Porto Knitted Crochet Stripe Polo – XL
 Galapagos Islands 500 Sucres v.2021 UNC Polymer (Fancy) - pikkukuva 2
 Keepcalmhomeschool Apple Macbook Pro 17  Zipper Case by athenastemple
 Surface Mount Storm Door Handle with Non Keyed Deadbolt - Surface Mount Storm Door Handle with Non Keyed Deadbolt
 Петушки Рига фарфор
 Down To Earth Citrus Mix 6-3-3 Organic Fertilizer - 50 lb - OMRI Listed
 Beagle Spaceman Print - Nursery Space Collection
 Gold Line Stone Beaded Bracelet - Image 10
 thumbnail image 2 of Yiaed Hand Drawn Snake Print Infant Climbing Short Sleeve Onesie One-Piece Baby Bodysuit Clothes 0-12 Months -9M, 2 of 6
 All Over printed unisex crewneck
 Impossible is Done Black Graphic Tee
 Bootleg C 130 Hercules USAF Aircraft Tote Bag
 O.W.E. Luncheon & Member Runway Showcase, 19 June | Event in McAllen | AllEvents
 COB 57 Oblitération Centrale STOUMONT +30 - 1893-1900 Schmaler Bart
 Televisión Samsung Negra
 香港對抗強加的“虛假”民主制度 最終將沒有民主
####
Output the listing above exactly as it appears.

§ Answer to this task:
Porto Knitted Crochet Stripe Polo – XL
 Galapagos Islands 500 Sucres v.2021 UNC Polymer (Fancy) - pikkukuva 2
 Keepcalmhomeschool Apple Macbook Pro 17  Zipper Case by athenastemple
 Surface Mount Storm Door Handle with Non Keyed Deadbolt - Surface Mount Storm Door Handle with Non Keyed Deadbolt
 Петушки Рига фарфор
 Down To Earth Citrus Mix 6-3-3 Organic Fertilizer - 50 lb - OMRI Listed
 Beagle Spaceman Print - Nursery Space Collection
 Gold Line Stone Beaded Bracelet - Image 10
 thumbnail image 2 of Yiaed Hand Drawn Snake Print Infant Climbing Short Sleeve Onesie One-Piece Baby Bodysuit Clothes 0-12 Months -9M, 2 of 6
 All Over printed unisex crewneck
 Impossible is Done Black Graphic Tee
 Bootleg C 130 Hercules USAF Aircraft Tote Bag
 O.W.E. Luncheon & Member Runway Showcase, 19 June | Event in McAllen | AllEvents
 COB 57 Oblitération Centrale STOUMONT +30 - 1893-1900 Schmaler Bart
 Televisión Samsung Negra
 香港對抗強加的“虛假”民主制度 最終將沒有民主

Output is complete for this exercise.